My previous post on this topic was on composite opamps from by John D. Yewen's article "High-precision composite op-amps" (Electronics & Wireless World, February 1987):

Appropriately choosing the voltage divider R1R2 at the output of U1 allows to achieve stability (obtain sufficient gain and phase margins) of the composite at the expense of the loop gain. Here, orange traces are the loop gain of the composite from the schematic above, while blue are the maximum possible (whether stable or not) loop gain with the same two opamps:

How can a simple resistive divider make the composite stable?
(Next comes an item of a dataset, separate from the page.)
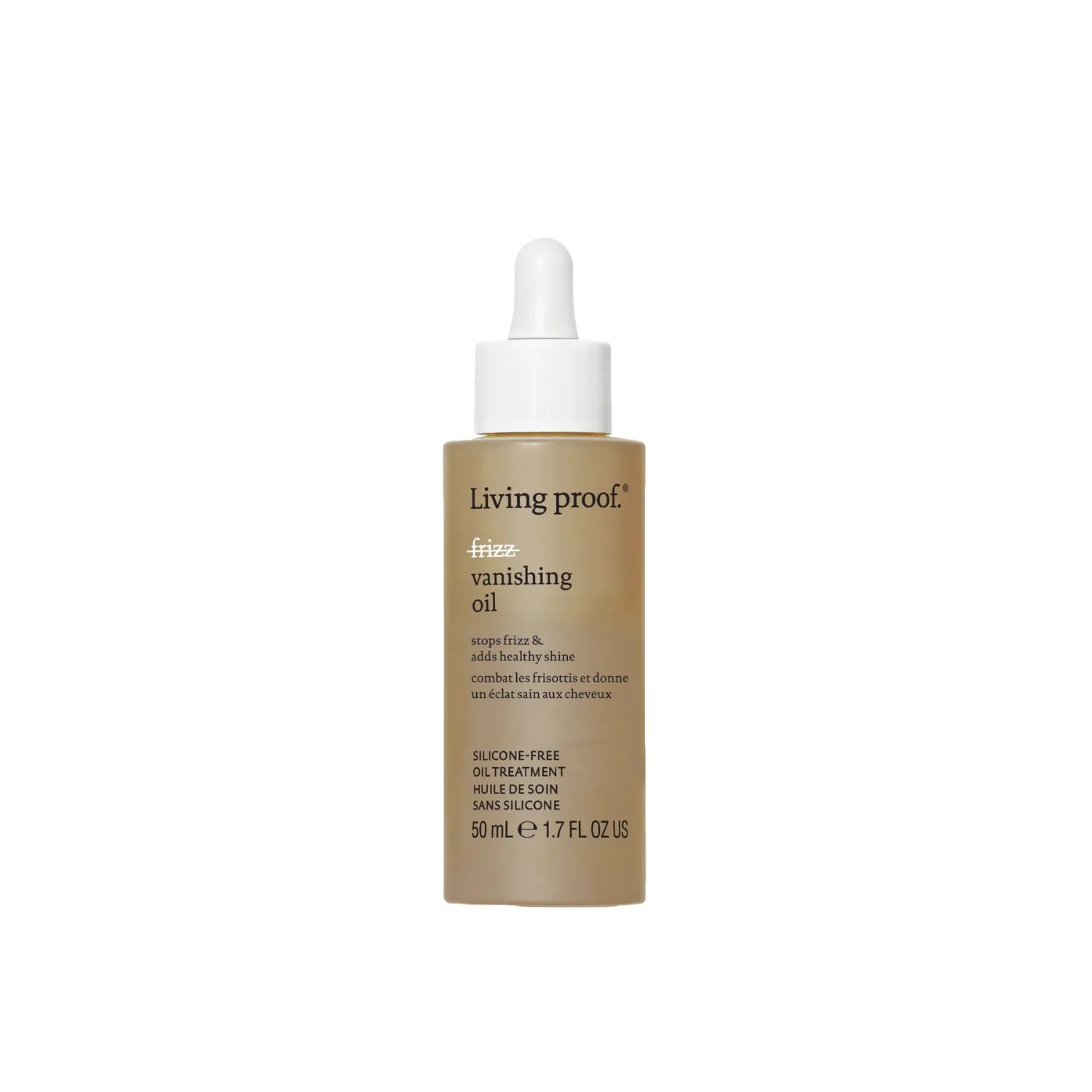 Living Proof No Frizz Vanishing Oil 50ml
Let me look at the role of the voltage divider in Yewen's composite.

Referring to the schematic above, U2 sees a (differential) input signal that is a sum of (i) the signal at the non-inverting output, where Ri and Rf connect, and (ii) the same signal amplifier by U1 and divided by R1R2.

At low frequencies, U1's gain is large, and U2's input signal is effectively that at its non-inverting input. The loop gain is the product of that of U1 and U2 and falls with frequency at 40dB/decade. At high frequencies, U1's gain is small, and U2's input signal is effectively that at its inverting input. The loop gain is just that of U2, falling at 20dB/decade.

The transition from "low" to "high" frequencies is a zero in the composite's loop gain, located at the frequency where the signal magnitudes at the non-inverting and inverting inputs of U2 are equal - that is, when the gain of U2 followed by R1R2 is unity. For a single-pole U1, that frequency is a fraction of U1's Gain Bandwidth Product (GBW):$$F_{zero}=GBW_{U_1} \times {R_2 \over {R_1+R_2}}$$In the example above, GBW is 10MHz, the divider's attenuation is 22, so the zero is at ${{10 MHz}\over 22} = {455 kHz}$.

That is, Yewen's voltage divider sets the frequency of a zero in the composite's loop gain. The higher the attenuation in the divider, the lower is the zero, and vice versa.

By the way, it is possible and quite practical to replace the fixed divider with a trimpot and adjust the zero to one's liking, e.g. to obtain the necessary phase margin.